Authors devise an architecture that enables learning of arbitrary maps between input and output sequences.

The well-known encoder-decoder pattern for sequence learning is introduced in this article.

They apply this architecture to the problem of Machine Translation (English to French).

WHY

Traditional DNNs are flexible and powerful but they require the dimensionality of inputs to be known and fixed.

For this reason they're unsuitable for use with sequences whose size can and does vary a lot.

HOW

The Seq2Seq model is made up of two parts:

  • Encoder:

    • It's a Deep LSTM
    • Maps the input vector from the input space into a fixed-length vector (embedding)
  • Decoder:

    • Also a Deep LSTM
    • Decodes the fixed-length vector created in part 1 into the output space.

They use a standard SGD optimizer to train the model.

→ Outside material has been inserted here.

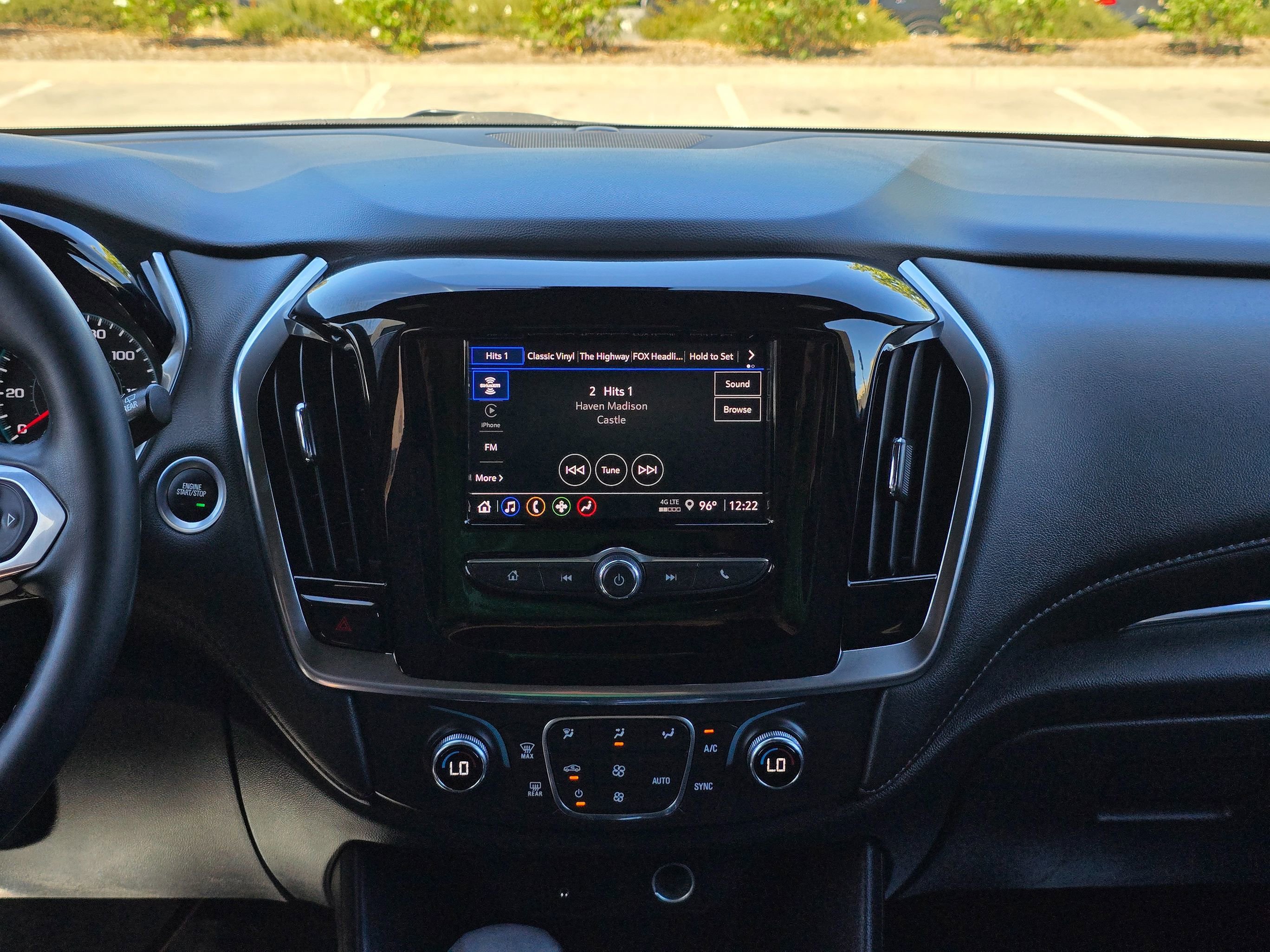 Used 2023 Chevrolet Traverse LT image 28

overview-of-seq-2-seq Overview of the encoder/decoder architecture,
as applied to machine translation.
Source: Machine talk

CLAIMS

  • The LSTM-based encoder/decoder model outperformed a modern SMT model even though it only used a small number of words in the vocabulary.

QUOTES

  • If there is a task that humans can solve quickly, then there exists a DNN parameter configuration that solves it. Furthermore, this configuration can be found via backpropagation.

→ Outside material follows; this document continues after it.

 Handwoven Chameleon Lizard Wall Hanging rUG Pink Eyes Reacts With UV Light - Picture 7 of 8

    • This is a suprisingly strong claim here.
    • Maybe the catch is: this only works if you can represent your problem using fixed-width vectors.
  • "Although LSTMs tend not to suffer from the vanishing gradient problem, they can have exploding gradients."

NOTES

  • The model used to obtain the results was trained using a relatively small vocabulary (80,000 words), suggesting that an even better performance can be attained using a larger vocabulary.

  • The input sentence are reversed prior to feeding into the encoder half of the network. Apparently it helps the optimizers converge to a solution faster.

  • The model creates very similar representations for active voice and passive voice versions of the same sentence.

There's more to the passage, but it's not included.